Qualcuno in Spagna le prove generali di secessione le aveva sperimentate addirittura nel lontano 1990. Non erano catalani e neppure baschi, bensì gli abitanti (250 anime) del barrio Cerro Belmonte di Madrid, che proclamarono l'indipendenza per diventare provincia cubana. Sembra un racconto surreale, uno stralcio della sceneggiatura de Il dittatore dello stato libero di Bananas. Eppure accadde davvero, anche se a distanza di quasi trent'anni l'episodio viene catalogato come evento comico.

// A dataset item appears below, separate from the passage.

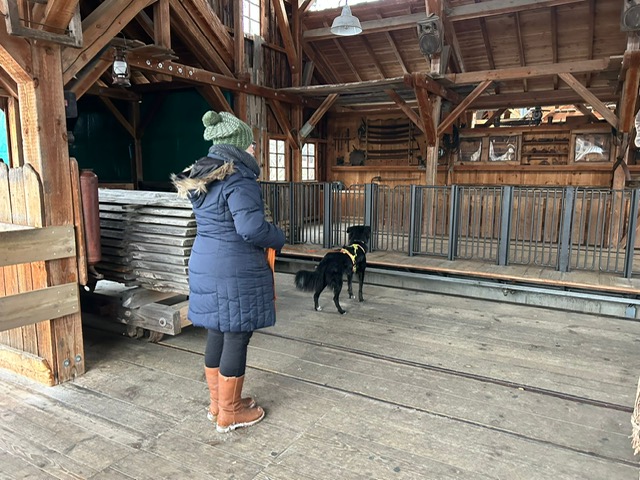 5AD2F06C-9010-4C47-B46F-46265CD2A065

Il Puigdemont della situazione si chiamava Santiago Gil, un elettricista di 42 anni, e decise di mettersi a capo della rivolta per protestare contro un piano di urbanizzazione che avrebbe portato all'esproprio di terreni a cifre considerate inadeguate. «Rubano ai poveri per dare ai ricchi, ce ne andremo da Fidel», minacciò Gil il 12 agosto del 1990, proclamando un referendum per l'indipendenza.

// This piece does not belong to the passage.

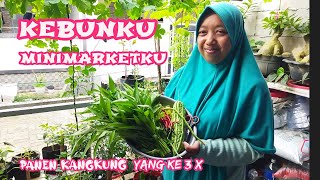 Kebunku minimarketku//panen yang ada dikebun//panen kangkung yang ketiga kalinya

Alle urne si presentarono in 214 e solo due di loro votarono per rimanere con Madrid. La notizia fece il giro del mondo, e pur non essendo ancora nell'epoca della globalizzazione la storia arrivò piuttosto rapidamente alle orecchie di Fidel Castro. Il leader cubano non solo prese sul serio la stravagante iniziativa degli abitanti di Cerro Belmonte, ma li invitò all'Avana. Una delegazione guidata da Torres, e composta da 25 persone, partì alla volta di Cuba, incontrò Castro e trascorse dieci giorni nell'isola grazie al contributo economico dell'Istituto cubano di Amicizia tra i Popoli. Fu qualcosa in più di una semplice gita premio perchè proprio all'Avana, con il sostegno dell'allora ministro dell'economia Antonio Maurell, venne persino coniata la nuova moneta dell'enclave, il «belmonteño».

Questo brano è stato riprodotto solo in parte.